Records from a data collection
_ _ _ _ _ _ _

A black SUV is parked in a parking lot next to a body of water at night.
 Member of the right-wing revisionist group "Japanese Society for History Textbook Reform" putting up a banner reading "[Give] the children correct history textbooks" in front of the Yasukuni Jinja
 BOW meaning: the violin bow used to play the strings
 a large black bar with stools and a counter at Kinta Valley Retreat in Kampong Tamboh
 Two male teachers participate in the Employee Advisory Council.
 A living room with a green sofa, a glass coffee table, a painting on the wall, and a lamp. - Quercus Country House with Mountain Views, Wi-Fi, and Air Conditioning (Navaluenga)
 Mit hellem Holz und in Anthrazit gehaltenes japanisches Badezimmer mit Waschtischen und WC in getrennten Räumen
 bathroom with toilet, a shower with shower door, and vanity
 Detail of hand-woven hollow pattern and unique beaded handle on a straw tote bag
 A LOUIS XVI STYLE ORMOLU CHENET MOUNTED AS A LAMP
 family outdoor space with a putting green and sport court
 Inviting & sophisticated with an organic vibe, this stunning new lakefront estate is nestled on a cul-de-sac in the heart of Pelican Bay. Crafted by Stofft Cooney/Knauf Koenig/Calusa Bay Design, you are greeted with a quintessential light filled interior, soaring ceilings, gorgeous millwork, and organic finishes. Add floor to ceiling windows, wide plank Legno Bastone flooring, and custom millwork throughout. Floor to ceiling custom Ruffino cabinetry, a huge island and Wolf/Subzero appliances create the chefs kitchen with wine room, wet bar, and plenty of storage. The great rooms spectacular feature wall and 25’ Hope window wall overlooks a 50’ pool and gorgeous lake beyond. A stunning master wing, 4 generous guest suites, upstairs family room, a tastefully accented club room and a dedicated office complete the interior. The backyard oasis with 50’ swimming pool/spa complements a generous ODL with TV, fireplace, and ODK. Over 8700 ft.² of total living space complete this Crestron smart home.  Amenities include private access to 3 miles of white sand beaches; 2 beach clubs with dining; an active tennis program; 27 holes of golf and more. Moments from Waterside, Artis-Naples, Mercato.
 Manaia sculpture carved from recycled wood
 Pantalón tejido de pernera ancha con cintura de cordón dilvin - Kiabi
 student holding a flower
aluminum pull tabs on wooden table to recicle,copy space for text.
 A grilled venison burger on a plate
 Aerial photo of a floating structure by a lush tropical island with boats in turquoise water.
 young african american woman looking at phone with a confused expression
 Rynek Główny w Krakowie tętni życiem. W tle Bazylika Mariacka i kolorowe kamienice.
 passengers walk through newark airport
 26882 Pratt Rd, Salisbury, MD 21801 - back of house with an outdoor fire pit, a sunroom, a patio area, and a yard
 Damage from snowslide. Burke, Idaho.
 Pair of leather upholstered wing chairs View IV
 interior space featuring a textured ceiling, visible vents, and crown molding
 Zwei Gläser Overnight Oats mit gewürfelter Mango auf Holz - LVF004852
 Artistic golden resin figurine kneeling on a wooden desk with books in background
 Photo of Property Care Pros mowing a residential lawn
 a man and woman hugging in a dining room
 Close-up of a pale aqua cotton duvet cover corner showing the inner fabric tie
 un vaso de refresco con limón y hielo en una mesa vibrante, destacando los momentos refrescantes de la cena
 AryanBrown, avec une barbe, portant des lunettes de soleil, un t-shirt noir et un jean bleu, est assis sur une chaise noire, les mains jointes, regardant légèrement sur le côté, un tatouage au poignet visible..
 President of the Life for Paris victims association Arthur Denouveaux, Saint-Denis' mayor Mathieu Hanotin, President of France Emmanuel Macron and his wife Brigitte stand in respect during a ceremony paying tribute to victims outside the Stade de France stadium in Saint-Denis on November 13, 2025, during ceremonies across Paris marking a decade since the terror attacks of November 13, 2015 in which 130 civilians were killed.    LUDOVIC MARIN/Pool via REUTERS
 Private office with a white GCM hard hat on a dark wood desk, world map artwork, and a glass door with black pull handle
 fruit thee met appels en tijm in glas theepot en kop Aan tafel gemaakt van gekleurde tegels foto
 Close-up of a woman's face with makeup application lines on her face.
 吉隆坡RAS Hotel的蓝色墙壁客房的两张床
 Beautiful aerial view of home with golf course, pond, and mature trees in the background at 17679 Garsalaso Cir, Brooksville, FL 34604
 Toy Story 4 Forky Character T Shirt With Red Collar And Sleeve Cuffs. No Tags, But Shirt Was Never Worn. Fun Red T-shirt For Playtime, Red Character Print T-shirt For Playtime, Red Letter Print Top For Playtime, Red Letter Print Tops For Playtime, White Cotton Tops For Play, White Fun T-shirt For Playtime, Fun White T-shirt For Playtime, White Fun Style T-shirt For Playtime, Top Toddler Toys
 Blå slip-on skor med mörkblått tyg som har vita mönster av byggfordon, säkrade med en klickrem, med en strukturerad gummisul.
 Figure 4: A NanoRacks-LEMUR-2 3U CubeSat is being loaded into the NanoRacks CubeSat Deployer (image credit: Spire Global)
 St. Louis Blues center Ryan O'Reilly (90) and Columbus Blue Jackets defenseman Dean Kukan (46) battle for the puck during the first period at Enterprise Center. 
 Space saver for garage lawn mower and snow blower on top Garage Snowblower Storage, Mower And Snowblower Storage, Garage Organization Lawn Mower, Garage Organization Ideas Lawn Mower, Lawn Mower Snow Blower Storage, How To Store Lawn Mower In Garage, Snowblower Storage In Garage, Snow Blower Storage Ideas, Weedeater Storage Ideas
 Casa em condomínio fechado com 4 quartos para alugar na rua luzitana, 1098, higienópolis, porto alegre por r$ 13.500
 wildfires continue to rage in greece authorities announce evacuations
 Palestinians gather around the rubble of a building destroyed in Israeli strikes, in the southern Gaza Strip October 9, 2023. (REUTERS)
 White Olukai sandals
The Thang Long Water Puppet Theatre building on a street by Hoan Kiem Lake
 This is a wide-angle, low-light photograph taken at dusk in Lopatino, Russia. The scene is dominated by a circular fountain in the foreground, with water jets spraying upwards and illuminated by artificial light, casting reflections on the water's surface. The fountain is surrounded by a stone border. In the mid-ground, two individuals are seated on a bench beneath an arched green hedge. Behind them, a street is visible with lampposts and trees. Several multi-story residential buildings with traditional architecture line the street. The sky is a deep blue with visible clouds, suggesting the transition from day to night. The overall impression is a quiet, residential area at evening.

_ _ _ _ _ _ _

**Required action:** Each line of the data that includes "putting" counts once; say how many there are, giving nothing but the number.

**Task solution:** 2